• DATASET CONTENT
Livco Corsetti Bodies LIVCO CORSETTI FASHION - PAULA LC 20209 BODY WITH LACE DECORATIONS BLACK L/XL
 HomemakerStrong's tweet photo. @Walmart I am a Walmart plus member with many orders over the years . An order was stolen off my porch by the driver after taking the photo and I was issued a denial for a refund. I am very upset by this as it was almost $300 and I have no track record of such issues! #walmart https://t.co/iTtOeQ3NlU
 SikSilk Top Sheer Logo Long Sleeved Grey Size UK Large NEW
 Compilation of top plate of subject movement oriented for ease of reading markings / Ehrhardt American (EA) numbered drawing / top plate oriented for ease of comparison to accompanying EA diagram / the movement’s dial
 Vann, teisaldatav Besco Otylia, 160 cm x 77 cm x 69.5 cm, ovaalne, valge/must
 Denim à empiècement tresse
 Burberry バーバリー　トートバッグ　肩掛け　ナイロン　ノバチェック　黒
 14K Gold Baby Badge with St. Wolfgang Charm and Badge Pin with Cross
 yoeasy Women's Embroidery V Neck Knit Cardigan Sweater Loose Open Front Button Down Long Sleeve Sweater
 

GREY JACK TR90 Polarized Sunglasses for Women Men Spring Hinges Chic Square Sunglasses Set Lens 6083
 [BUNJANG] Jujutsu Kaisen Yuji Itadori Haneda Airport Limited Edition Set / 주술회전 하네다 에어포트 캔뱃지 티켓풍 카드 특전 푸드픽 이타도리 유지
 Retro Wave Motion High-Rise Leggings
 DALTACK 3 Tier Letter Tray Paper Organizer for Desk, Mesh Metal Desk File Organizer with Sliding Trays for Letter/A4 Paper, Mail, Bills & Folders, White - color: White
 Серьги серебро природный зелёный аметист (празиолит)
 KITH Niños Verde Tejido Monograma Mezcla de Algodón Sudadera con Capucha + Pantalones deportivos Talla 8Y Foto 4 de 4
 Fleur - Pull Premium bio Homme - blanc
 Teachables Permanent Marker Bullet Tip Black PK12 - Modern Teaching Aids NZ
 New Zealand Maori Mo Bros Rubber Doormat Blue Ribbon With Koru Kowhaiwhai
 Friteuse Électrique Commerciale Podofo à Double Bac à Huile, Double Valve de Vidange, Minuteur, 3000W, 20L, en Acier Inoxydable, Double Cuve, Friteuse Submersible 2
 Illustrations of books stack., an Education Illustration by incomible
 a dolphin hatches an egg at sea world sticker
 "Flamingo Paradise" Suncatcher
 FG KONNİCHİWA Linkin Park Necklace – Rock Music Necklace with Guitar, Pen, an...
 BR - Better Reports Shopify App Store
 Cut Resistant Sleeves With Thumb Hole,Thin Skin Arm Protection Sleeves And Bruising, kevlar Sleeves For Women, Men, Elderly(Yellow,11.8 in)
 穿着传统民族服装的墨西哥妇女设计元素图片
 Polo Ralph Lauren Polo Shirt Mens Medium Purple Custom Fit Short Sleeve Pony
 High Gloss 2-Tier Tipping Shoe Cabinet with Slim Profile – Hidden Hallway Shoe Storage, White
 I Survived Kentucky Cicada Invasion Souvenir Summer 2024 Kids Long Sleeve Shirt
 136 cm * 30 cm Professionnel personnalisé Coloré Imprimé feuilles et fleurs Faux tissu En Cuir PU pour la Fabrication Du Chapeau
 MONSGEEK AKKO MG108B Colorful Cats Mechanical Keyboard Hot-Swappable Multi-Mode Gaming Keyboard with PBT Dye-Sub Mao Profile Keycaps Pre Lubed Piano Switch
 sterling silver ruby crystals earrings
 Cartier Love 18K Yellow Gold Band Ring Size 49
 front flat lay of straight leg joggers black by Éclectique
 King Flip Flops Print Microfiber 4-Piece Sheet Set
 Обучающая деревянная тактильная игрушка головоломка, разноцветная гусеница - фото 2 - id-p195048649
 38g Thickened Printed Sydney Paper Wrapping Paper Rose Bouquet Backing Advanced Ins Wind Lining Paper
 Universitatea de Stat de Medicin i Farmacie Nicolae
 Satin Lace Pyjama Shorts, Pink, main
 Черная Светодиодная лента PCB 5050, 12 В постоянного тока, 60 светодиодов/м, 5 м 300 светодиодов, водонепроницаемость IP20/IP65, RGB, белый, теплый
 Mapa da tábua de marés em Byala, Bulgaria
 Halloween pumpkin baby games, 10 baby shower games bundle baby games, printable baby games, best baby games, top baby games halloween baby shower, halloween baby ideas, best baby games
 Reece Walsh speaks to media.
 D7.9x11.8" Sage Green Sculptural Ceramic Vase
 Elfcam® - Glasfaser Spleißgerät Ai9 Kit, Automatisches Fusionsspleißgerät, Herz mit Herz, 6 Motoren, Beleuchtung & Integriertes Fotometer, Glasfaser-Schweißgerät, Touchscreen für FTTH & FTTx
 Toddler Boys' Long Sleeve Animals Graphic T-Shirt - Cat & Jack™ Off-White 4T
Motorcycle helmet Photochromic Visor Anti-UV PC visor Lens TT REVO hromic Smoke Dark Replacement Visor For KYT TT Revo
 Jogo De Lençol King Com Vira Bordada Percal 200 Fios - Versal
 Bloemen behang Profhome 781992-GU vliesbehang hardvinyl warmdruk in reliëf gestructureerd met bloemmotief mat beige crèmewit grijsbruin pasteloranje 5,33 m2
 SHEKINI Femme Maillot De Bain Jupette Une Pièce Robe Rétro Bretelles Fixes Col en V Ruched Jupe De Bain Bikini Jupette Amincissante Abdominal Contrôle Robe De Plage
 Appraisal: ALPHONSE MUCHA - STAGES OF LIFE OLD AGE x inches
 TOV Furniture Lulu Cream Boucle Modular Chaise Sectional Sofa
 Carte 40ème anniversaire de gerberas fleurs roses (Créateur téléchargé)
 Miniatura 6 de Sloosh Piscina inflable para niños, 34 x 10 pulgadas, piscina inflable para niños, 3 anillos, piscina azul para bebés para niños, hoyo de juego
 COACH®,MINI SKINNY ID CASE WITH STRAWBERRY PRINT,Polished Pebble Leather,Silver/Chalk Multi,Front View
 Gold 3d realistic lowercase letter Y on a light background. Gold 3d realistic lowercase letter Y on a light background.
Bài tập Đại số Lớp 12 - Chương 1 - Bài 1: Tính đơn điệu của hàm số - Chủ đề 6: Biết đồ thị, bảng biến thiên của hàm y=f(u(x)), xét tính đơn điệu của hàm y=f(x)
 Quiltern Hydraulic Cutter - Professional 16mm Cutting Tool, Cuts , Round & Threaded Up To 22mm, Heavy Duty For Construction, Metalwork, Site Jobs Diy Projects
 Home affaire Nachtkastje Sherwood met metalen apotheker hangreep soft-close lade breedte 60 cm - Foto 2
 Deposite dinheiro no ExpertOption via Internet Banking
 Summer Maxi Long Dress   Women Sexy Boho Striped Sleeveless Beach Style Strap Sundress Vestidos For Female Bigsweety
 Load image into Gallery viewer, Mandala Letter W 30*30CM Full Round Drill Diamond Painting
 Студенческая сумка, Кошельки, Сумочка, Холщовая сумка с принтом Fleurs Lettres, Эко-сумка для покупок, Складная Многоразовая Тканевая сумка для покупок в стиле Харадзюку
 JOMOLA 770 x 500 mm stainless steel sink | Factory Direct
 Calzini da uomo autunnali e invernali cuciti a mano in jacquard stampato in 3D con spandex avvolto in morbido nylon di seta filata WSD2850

• WHAT TO PRODUCE
Starting at the line with "Bloemen behang Profhome" and ending at the line with "SHEKINI Femme Maillot", print each line of the listing above exactly, with no other lines.

• EXERCISE OUTPUT
 Bloemen behang Profhome 781992-GU vliesbehang hardvinyl warmdruk in reliëf gestructureerd met bloemmotief mat beige crèmewit grijsbruin pasteloranje 5,33 m2
 SHEKINI Femme Maillot De Bain Jupette Une Pièce Robe Rétro Bretelles Fixes Col en V Ruched Jupe De Bain Bikini Jupette Amincissante Abdominal Contrôle Robe De Plage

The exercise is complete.